Nelson gözlerini odanın ortasına doğru kaydırdı. Bariz bir şekilde saygısızlık içeren bu tavra rağmen, sözleri kesilmeden önce odadaki herkese bulduklarını anlatmaya karar verdi.
"Bir ayraç işareti ile birbirinden ayrılmış iki ayrı rakamsal ifadenin direğin dibine kazınmış olduğunu buldum."
"Neydi bu rakamlar?" diye sordu masadaki genç bir memur.
"Aslında rakamlar ve harfler." dedi Mackenzie. "Ç 511 ve Y 202, telefonumda bir de fotoğrafı var."
"Diğer fotoğraflar da kısa bir zaman sonra, Nancy onları bastırdığında burada olacak." dedi Nelson. Odadaki herkesin, rakamlarla ilgili olan konunun artık kapandığını anlaması için hızlı ve itaatkar bir şekilde konuştu.
Mackenzie, Nelson'un, Hailey Lizbrook'un evi ve The Runway arasındaki on iki kilometrelik alan içinde yapılacak olan çalışmanın gizli kalması gerekliliği hakkındaki homurdanmalarını dinledi. Aslında söyledikleri bir kulağından giriyor diğerinden çıkıyordu. Aklı sürekli, kadının iplerle bağlanmış cesedine gidiyordu. Cesedin duruş şekli hakkındaki bir düşünce ona neredeyse çok tanıdık geliyordu ve konferans odasında oturduğu süre boyunca sürekli bunu düşünüyordu.
Görebileceği en ufak bir detayın hafızasındaki bir şeyi tetikleyeceğini umarak, tekrar notlarına bakmaya başladı. Bir şeyler bulma amacı ile dört sayfanın tamamını karıştırmaya başladı. Dosyada yazan her şeyi biliyordu zaten, fakat yine de detayları kurcalamaya devam etti.
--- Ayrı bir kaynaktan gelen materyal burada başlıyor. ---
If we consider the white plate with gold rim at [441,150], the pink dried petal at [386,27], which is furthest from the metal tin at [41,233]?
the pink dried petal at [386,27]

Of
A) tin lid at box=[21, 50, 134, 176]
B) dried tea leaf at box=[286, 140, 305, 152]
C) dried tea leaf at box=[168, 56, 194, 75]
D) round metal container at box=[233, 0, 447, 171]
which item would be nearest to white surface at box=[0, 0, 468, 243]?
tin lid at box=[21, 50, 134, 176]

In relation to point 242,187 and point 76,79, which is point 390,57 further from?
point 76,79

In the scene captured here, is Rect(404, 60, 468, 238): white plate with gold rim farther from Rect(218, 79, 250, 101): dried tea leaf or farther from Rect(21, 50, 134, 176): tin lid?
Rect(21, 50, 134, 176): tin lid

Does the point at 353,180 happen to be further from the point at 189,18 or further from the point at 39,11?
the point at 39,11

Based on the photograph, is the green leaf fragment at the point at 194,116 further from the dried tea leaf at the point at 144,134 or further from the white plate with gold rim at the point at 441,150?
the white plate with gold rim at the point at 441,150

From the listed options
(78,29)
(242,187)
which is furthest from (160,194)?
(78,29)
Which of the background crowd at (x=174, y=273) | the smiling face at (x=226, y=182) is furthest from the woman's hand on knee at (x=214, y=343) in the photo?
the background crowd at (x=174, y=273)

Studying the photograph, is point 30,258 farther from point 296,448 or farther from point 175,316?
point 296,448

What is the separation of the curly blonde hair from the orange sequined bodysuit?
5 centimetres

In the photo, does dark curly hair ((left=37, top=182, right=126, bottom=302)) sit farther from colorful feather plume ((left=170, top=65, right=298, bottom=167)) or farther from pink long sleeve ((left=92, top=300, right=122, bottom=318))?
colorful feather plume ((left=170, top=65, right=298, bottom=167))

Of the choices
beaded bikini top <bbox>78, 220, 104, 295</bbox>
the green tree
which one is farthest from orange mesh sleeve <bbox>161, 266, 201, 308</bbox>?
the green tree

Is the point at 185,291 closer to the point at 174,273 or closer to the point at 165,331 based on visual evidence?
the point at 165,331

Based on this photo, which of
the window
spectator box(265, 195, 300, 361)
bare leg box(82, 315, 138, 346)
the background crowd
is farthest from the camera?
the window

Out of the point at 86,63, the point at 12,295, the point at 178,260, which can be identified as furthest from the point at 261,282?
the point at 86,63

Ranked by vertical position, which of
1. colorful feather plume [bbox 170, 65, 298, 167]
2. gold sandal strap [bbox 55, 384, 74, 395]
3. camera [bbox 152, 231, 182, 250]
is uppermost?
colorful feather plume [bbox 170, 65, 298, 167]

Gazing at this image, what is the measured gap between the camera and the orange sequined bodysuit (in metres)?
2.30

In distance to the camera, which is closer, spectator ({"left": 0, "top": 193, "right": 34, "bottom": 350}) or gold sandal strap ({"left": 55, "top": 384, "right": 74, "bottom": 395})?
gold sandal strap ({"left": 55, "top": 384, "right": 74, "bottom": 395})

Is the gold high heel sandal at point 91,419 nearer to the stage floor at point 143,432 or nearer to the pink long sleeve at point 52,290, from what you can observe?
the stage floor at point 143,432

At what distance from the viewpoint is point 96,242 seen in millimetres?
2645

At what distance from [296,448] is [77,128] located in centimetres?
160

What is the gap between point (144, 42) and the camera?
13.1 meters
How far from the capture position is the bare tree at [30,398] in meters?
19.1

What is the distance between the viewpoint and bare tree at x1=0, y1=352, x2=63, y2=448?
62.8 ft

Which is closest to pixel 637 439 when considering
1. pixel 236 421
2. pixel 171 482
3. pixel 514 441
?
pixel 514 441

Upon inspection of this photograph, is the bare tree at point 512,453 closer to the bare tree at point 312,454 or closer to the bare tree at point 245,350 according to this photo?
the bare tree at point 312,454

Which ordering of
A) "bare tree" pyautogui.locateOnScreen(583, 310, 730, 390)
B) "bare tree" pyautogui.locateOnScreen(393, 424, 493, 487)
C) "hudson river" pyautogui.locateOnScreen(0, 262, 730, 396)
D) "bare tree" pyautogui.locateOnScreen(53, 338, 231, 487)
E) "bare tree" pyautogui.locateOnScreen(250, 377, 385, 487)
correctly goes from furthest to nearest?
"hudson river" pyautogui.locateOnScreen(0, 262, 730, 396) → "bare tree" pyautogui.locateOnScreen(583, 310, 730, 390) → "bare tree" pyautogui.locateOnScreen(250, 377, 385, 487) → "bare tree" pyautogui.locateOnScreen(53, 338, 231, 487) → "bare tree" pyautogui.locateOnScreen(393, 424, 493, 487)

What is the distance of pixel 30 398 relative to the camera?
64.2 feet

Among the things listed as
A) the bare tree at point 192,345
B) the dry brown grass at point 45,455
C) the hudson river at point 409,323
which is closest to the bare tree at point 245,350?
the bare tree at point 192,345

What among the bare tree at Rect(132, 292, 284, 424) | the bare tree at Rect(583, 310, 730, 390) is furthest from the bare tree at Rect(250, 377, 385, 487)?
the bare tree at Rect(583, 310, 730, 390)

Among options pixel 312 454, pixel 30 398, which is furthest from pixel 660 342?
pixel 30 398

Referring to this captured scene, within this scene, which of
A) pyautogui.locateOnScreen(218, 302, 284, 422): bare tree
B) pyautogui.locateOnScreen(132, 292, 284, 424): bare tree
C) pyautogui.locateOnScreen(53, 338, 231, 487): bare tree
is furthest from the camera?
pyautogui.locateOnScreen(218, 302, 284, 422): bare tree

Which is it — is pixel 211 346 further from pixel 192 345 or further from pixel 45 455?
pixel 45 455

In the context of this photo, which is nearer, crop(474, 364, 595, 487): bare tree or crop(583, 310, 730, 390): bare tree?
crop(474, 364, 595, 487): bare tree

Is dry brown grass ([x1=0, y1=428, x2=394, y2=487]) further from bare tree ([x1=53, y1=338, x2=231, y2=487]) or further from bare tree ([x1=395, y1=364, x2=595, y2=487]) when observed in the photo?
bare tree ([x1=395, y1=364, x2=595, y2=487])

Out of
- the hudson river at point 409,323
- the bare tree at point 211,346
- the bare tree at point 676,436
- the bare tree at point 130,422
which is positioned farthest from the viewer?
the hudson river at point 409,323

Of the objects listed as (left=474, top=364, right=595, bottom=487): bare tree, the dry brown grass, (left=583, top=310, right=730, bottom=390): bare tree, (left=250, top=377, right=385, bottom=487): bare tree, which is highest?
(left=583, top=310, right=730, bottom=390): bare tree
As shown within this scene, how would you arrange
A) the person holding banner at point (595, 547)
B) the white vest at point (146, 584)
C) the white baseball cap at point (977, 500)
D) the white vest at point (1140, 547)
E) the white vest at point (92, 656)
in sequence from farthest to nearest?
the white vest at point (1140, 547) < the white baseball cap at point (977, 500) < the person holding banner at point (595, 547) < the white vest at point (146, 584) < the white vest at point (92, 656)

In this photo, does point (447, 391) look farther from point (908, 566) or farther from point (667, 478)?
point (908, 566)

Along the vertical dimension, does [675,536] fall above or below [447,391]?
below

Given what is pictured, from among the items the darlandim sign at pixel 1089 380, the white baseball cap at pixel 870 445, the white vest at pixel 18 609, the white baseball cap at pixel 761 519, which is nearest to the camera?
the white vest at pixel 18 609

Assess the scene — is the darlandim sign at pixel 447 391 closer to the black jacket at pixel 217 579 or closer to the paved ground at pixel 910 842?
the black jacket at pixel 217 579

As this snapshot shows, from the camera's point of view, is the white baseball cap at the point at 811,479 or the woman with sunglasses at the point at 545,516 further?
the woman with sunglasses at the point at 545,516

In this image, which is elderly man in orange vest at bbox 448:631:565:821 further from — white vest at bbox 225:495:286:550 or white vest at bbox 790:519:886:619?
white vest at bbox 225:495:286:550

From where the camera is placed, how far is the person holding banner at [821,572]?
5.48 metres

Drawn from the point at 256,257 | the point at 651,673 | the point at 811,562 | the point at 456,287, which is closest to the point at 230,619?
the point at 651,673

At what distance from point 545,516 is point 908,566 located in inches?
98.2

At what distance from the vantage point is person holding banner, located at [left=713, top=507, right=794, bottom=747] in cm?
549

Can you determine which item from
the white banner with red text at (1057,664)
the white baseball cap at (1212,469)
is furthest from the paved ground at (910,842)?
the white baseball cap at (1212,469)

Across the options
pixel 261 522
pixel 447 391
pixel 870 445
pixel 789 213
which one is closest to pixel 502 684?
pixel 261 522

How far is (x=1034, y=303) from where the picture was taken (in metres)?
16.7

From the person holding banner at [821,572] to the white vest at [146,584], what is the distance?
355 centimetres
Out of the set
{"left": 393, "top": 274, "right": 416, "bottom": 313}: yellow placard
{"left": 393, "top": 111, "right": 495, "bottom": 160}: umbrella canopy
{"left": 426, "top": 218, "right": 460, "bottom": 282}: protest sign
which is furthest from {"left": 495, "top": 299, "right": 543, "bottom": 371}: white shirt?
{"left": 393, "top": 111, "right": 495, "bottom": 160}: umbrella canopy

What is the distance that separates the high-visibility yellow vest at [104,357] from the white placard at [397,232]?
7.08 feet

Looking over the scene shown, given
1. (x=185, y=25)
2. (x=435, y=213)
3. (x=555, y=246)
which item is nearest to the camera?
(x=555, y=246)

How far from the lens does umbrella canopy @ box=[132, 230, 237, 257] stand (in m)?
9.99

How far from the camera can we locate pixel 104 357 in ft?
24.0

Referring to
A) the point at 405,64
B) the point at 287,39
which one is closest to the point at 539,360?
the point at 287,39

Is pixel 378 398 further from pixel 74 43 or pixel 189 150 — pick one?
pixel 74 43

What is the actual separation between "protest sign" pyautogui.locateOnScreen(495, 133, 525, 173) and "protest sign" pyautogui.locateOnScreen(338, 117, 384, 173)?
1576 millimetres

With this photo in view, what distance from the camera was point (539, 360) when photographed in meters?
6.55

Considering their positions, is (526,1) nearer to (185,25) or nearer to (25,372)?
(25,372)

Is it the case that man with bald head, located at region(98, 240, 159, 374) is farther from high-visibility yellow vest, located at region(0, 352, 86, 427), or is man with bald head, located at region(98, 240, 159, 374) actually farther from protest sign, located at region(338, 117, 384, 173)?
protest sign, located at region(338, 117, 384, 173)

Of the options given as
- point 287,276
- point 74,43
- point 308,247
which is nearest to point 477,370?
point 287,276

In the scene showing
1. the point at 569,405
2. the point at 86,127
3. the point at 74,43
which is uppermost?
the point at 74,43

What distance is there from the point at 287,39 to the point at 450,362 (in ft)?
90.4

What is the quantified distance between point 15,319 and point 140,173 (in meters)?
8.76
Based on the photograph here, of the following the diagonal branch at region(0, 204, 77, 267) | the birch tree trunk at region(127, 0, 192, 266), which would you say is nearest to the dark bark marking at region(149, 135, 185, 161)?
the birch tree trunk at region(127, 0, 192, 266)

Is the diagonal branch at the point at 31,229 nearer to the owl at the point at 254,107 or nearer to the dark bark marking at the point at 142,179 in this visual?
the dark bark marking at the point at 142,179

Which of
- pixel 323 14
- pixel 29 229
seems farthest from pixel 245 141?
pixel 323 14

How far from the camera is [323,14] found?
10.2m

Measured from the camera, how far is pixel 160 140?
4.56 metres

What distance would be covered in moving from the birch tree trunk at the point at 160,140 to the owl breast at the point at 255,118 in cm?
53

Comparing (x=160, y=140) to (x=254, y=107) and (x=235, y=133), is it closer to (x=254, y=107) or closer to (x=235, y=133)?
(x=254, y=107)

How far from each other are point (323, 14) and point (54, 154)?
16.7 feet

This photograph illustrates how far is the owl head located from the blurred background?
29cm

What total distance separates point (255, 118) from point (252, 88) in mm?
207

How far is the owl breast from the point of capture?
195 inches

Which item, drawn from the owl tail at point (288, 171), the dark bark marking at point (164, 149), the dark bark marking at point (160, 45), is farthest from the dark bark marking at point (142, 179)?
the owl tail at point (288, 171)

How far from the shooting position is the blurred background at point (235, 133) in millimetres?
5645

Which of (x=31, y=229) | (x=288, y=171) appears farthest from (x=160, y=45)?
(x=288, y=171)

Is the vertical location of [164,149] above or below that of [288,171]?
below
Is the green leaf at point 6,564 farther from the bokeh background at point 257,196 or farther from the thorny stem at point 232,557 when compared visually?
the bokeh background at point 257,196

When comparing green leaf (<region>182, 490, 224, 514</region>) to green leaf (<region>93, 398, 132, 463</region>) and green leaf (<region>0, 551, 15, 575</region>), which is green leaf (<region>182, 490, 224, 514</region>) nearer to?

Otuz dört yaşında, kadın, dün gece öldürüldüğü düşünülüyor, kırbaç izleri, kesikler, sırtında çok sayıda aşınma, tahta bir direğe bağlanmış. Muhtemel ölüm şekli, kan kaybı ya da kalbinde meydana gelen bir travma. Kadının vücut şekli cinsel tahrik uyandırsa da, bağlanma şekli muhtemel dini bir amaçla yapılmış olabileceğini düşündürüyor.
Okumaya devam ederken, kafasında bir şimşek çaktı. Etrafındakilerin dikkatini bozamayacağı bir yere zihnini taşıyabilmek için, çevrede olanlarla ilgisini neredeyse tamamen yitirdi. Noktaları bir araya getirdikçe, yanlış çıkmasını umduğu bir şeyle bağlantılar belirmeye başladı zihninde. Nelson yavaş yavaş toplantıyı sonlandırmaya başlamıştı.
"…ve daha etkili olmak için daha çok tanığın şahitliğine ihtiyacımız olacak, son dakikaya kadar iyice araştırın ve işe yarayabilecek gibi görünen hiç bir detayı atlamayın. Şimdi, ekleyeceği bir şey olan var mı?"
"..bir şey daha var efendim." dedi Mackenzie.
Nelson'un of çektiği görülüyor gibiydi. Masanın öbür ucunda olmasına rağmen Porter'dan da hafif bir homurdanma sesi duyuldu. Hiç birini umursamadı ve Nelson'un kendisine nasıl hitap edeceğini görmek için bekledi.
"Evet, White?" dedi adam.
"1987 yılında gerçekleşen bir davanın bunu çok andırdığını hatırlıyorum. Roseland'in hemen dışında olmuş olduğuna oldukça eminim. Bağlama şekli aynıydı ve kadın tipi de aynıydı. Kesin olarak dövme şeklinin de aynı olduğunu söyleyebilirim."
"1987?" dedi Nelson. "Sen o zaman doğmuş muydun White?"